Мне хотелось ударить его, чтобы он не смел говорить о Вере, словно она была всего лишь статистикой в отчете.

Когда мы вернулись домой, на улице уже стемнело. Я действовала на автопилоте, а Уэстон не сказал ни слова с того момента, как я нашла его ванной.

Я проводила его до входной двери. Когда он не протянул руку, чтобы ее открыть, я предложила:

— Хочешь, я открою?

Он покачал головой и посмотрел мне в глаза — его боль была острой и поглощающей. Взяв за руку, я провела его через лужайку к моему дому, открыла дверь и потянула за собой.

Его ладонь была холодной и твердой, но он держался за меня, будто я его спасательный круг. Я сжала его руку в ответ и повела по коридору в свою спальню. Он не возражал, когда я направила его к кровати и посадила.

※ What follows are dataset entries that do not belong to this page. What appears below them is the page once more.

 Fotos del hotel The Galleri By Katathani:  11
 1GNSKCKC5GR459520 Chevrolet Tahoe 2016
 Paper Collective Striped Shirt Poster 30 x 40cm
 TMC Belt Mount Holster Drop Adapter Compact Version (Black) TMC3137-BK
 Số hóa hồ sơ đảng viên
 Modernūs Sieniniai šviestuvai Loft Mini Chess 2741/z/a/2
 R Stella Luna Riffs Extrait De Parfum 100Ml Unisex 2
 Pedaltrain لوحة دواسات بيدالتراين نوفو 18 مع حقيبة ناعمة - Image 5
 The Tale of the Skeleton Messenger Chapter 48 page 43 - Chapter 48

Присев рядом с ним, я осторожно надавила ему на плечи, заставляя лечь, затем тоже легла, свернулась рядом с ним. Так мы и пролежали до следующего утра, пока не взошло солнце.

Мы оба не спали, но не нарушали повисшую тишину — нас утешала близость наших тел, а не слова. Уэстон обнимал меня так же сильно, как и я его. Слова были ни к чему.

* * *

Наступил день похорон, и я понятия не имела, как там оказалась. Я не помнила, как помогала Уэстону, хотя знаю, что занималась этим. С того момента, как узнала о смерти Веры, я находилась в оцепенении.

Уэстон проводил каждую ночь в моей постели. И каждую ночь мы лежали в объятиях друг друга. Это были единственные моменты просветления в те дни.

Я не давила на него, чтобы он шел домой. Я знала, что он чувствует тот же страх, что испытывала и я, когда мне пришлось войти в дом Жак впервые после ее смерти. Это был один из самых тяжелых моментов, которые я когда-либо ощущала. Но я должна была это сделать.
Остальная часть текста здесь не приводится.